Kayıp yakınları: Kürt sorununun çözümü için geçmişle yüzleşilmeli
Kayıp yakınları bu haftaki eylemlerinde Kürt meselesinin barışla sonuçlanması ve çözüme kavuşması için atılacak olan ilk adımlardan birinin geçmişle yüzleşmem olduğunu vurgulayarak, adalet taleplerini yeniledi.

Amed - İnsan Hakları Derneği (İHD) Amed Şubesi ve kayıp yakınları, “Kayıplar bulunsun, failler yargılansın” eyleminin 844’üncü haftasında Rezan (Bağlar) ilçesinde bulunan Koşuyolu Parkı Yaşam Hakkı Anıtı önünde bir araya geldi.
Kayıplara ait fotoğrafların bulunduğu pankartın açıldığı eylemde, Amed'in Farqîn (Silvan) ilçesinde 14 Nisan 1995 tarihinde gözaltında kaybedilen Ali İhsan Dağlı’nın failleri soruldu. Açıklamada İHD Amed Şube Başkanı Ercan Yılmaz uzun yıllardır Cumartesi Anneleri'nin verdiği mücadeleyi hatırlattı.
Geçmişle yüzleşme
Kürt meselesinin diyalog zemininde çözümünün en önemli adımlarından birinin geçmişle yüzleşme olduğunu belirten Ercan Yılmaz, “Zira bugün burada fotoğraflarını taşıdığını her hafta hikayelerini paylaştığımız insanlar Kürt meselesinin demokratik çözümü konusunda çalışma yürüten insanlardı. Ancak bu dava ve soruşturmalarda faillerin bulunması ve cezalandırılması geçmişle yüzleştirilmesi yerine failleri aklayan bir sistemle yürüdü ve davaların neredeyse tamamının cezasızlıkla sonuçlandı. Bizler insan hakları savunucuları olarak Kürt meselesinin barışla sonuçlanması ve çözüme kavuşması için atılacak olan ilk adımlardan birinin geçmişle yüzleşmem olduğunu ifade ederek, adalet talep ediyoruz" dedi.

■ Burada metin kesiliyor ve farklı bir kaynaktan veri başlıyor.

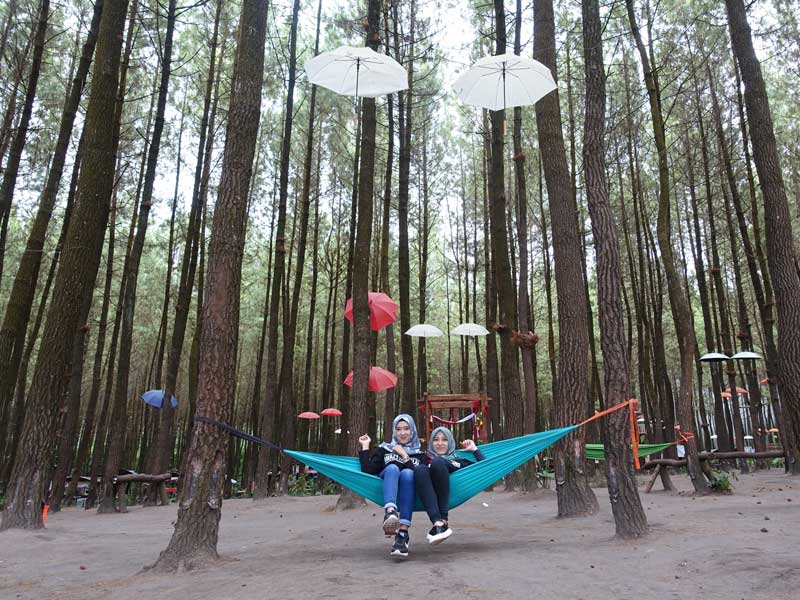 Yuk Berlibur ke Wisata Hutan Pinus Semeru, Malang!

İHD Amed Şubesi Kayıp Komisyonu üyesi Avukat Berfin Elçi tarafından paylaşılan Ali İhsan Dağlı’nın kaybettirilme öyküsü şöyle: "Ali İhsan Dağlı, eşi ve çocukları ile birlikte Amed’in Farqîn ilçesine bağlı Eşme köyünde ikamet eder. 14 Nisan 1995 yılında köyde güvenlik güçleri tarafından yapılan operasyon sonrası çatışma çıkar. Çatışma sonrası Ali İhsan Dağlı evinin yakınların da gözaltına alınır. Köy muhtarı Mehmet Şirin Kılıç, gözaltına alınan Dağlı’nın köyden götürüldüğüne ve sol elinden yaralandığına şahit olur. Köy muhtarının aktardıklarına göre; Dağlı önce Hişkamergê köyüne götürülür. Yarım saat burada bekletildikten sonra bir helikoptere bindirilerek Silvan Jandarma Komutanlığına götürülür. Ali İhsan Dağlı’nın köyden çıkartılırken kurşun yarasından dolayı gömleğinin kanlı oluğuna şahit olunur. Köy halkının gözü önünde gözaltına alınan Dağlı’dan bir daha haber alınmadı.

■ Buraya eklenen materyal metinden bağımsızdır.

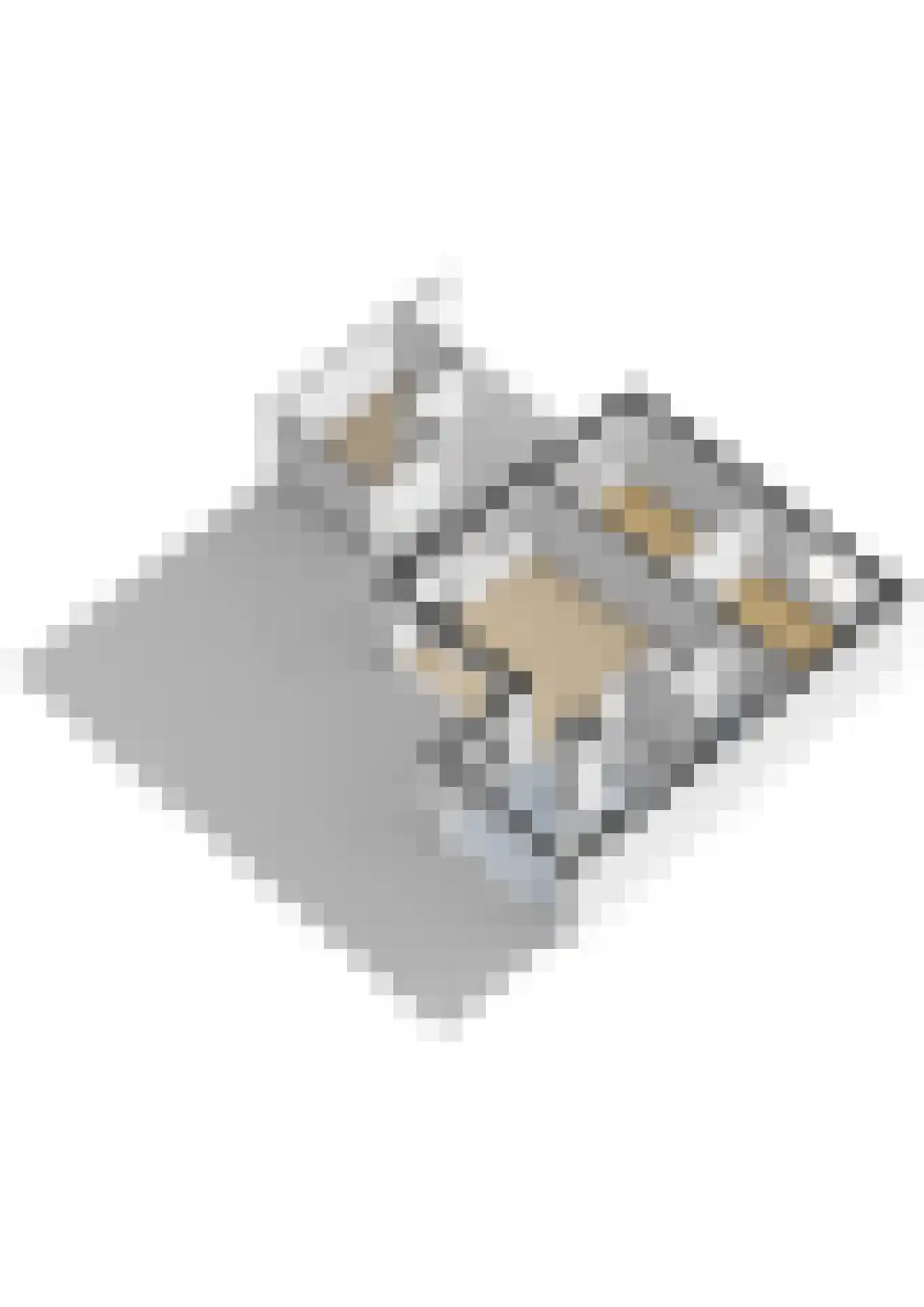 Duinschooten 12 207 Noordwijkerhout thumbnail 41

24 Nisan 1995 yılında babası Mehmet Dağlı tarafından DGM savcılığına yapılan başvuru sonrası aileye ‘Ali İhsan Dağlı adlı bir şahsın gözaltına alınmadığı söylenir.’ Yine 1995 Evrensel gazetesinin 11 Ekim tarihli haberine göre, ailenin İHD’ye başvurmasından dolayı köy, güvenlik güçleri tarafından basılır ve aile askerler tarafından şiddete maruz kalır. Bu baskılar Ali İhsan Dağlı’nın kaybedilmesinden sonra sürekli olarak devam eder. 11 Ekim 1995 yılında Evrensel gazetesinin ‘İşte Kayıp’ başlıklı haberi ile Ali İhsan Dağlı’nın gözaltında çekilmiş fotoğrafı ile gözaltına alındığı belgelenir. Sol fotoğrafta Ali İhsan Dağlı’nın elinin sarılı vaziyette olduğu görülür. Ailesi çekilmiş bu fotoğraf dışında Ali İhsan Dağlı’ya ilişkin başka bir somut bilgiye ulaşmaz. 16 Ekim 1995 tarihinde bu fotoğraf şubemize gelen ailesi tarafından teşhis edilir. İç hukuk yollarında sonuç alınmaması üzerine aile davayı AİHM’e taşıdı. AİHM, Türkiye’yi mahkûm etti.”
Açıklama oturma eylemiyle son buldu.